• **WHAT TO WORK ON**: Among the entries below, extract exactly the lines that run from the one with "セール】バックナンバリングロゴカモフラ柄ジップアップパーカー" through the one with "More Photos Of", both ends included.

• **DATA LISTING**:
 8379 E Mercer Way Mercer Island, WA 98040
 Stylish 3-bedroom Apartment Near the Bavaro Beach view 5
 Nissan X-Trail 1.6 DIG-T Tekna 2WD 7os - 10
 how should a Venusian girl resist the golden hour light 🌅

==

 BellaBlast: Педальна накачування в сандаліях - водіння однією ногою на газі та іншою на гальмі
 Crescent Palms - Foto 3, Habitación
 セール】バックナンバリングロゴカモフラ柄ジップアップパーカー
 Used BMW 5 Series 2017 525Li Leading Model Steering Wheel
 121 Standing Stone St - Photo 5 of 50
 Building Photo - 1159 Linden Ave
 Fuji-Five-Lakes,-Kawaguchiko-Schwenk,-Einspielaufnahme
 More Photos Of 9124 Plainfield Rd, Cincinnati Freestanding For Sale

• **REPLY TO THE EXERCISE**:
 セール】バックナンバリングロゴカモフラ柄ジップアップパーカー
 Used BMW 5 Series 2017 525Li Leading Model Steering Wheel
 121 Standing Stone St - Photo 5 of 50
 Building Photo - 1159 Linden Ave
 Fuji-Five-Lakes,-Kawaguchiko-Schwenk,-Einspielaufnahme
 More Photos Of 9124 Plainfield Rd, Cincinnati Freestanding For Sale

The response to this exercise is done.